戦国大名・武田氏の戦略戦術を記した軍学書『甲陽軍鑑』の記述には、現代ビジネス社会でも適用できる的確な指摘が具体的に示されている。ここで1つ紹介してみたい。

 当時の武士にとって、いい馬を選ぶことは、大変に重要なポイントであった。そうして選んだ名馬を駆使して、戦場で手柄を立てることは、武士として最大の名誉であり、それゆえに、かの山内一豊の妻は、夫の馬のためにへそくりを遣ったのだ。

 しかし、ここで陥りがちな失敗は、「目的」と「手段」の転倒が起きてしまうことだ。

 良馬は、あくまでも戦功を立てるための「道具」であり、「手段」の一つに過ぎない。けれども、その「道具」選びにこだわり過ぎるあまり、いつしか、平時における見栄やファッションとしての良馬が欲しくなり、いつも、馬選びばかりしているようになる。その結果、本業からは外れて、馬の目利きばかりに精を出し、マニアックな趣味に陥ったり、評論家やコメンテイターになってしまう懸念が生じてくるのである。

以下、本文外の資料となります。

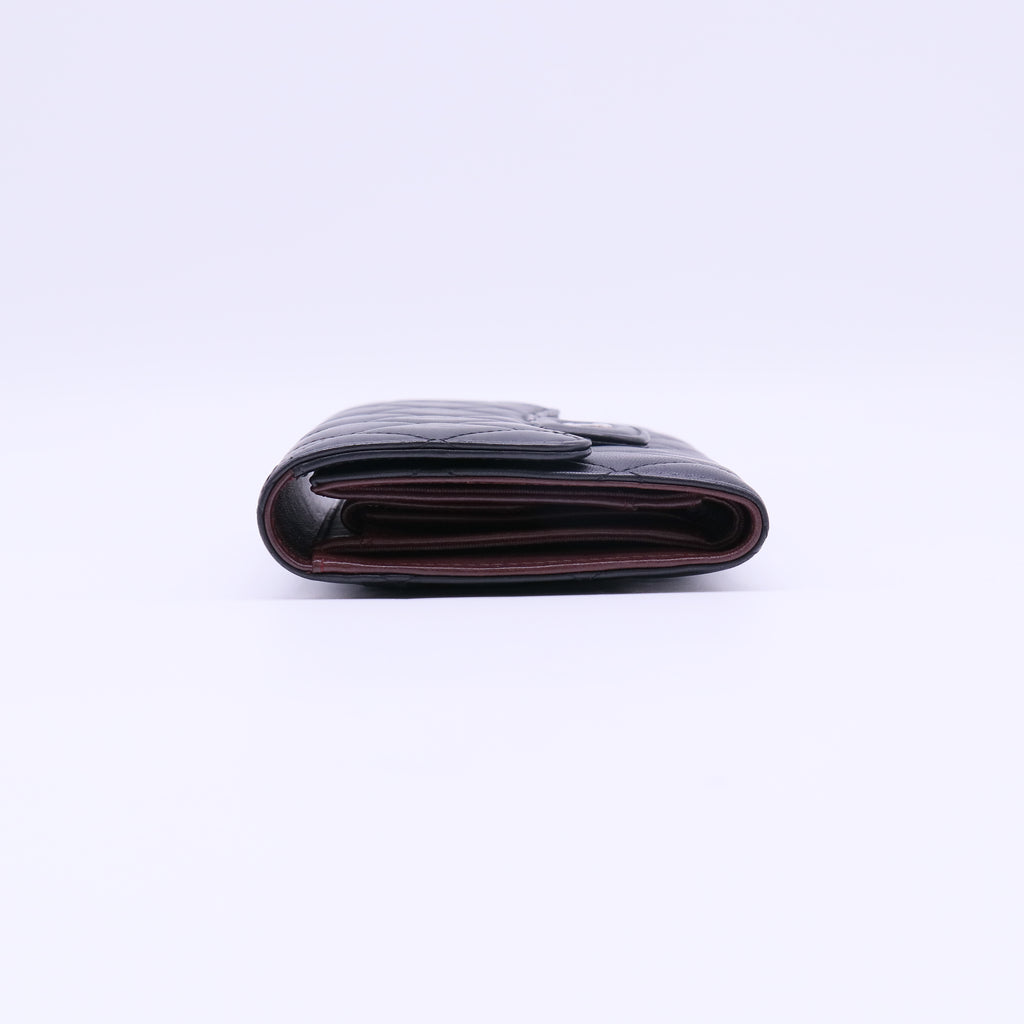 L-Flap Wallet Quilted Lambskin Long W21888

 『甲陽軍鑑』では、あまり、馬の目利きに懲り過ぎると、その人物は博労(馬の行商人)に成り下がると警告している。

 現代は、多様な価値観が認められる時代であり、個人の趣味の範囲で、マニアックな嗜好や専門的なこだわりを持つことは批判されることではない。けれども、仕事においては、「目的」が明確である以上、その「目的」達成のための「手段」にこだわり過ぎると本来の「目的」があやふやになってしまいがちなのである。

 戦国時代の「馬」を、現代の「パソコン」に例えていえば、あなたが会社の上司から、あるプレゼン資料の作成を依頼されたとしよう。この場合、本来の目的は「資料の発表」であり、「プレゼン資料」そのものは手段に過ぎないが、プレゼンソフトを使えばいくらでも凝ったプレゼン資料が作成出来るし、悪く言えば誤魔化せる訳だ。

 たしかに、そうした凝ったプレゼンを行なえば、発表を見る者の目を奪うことは出来るだろうが、そこに注力し過ぎると、あなたは「紙芝居作りが上手い人」という評価で終わってしまうことを400年前の『甲陽軍鑑』のエピソードは既に警告しているのだ。

 現代のビジネスマンにも充分に通じる教えであろう。本来の目的が疎かになっていないか、常に自問自答しながら仕事をしたいものである。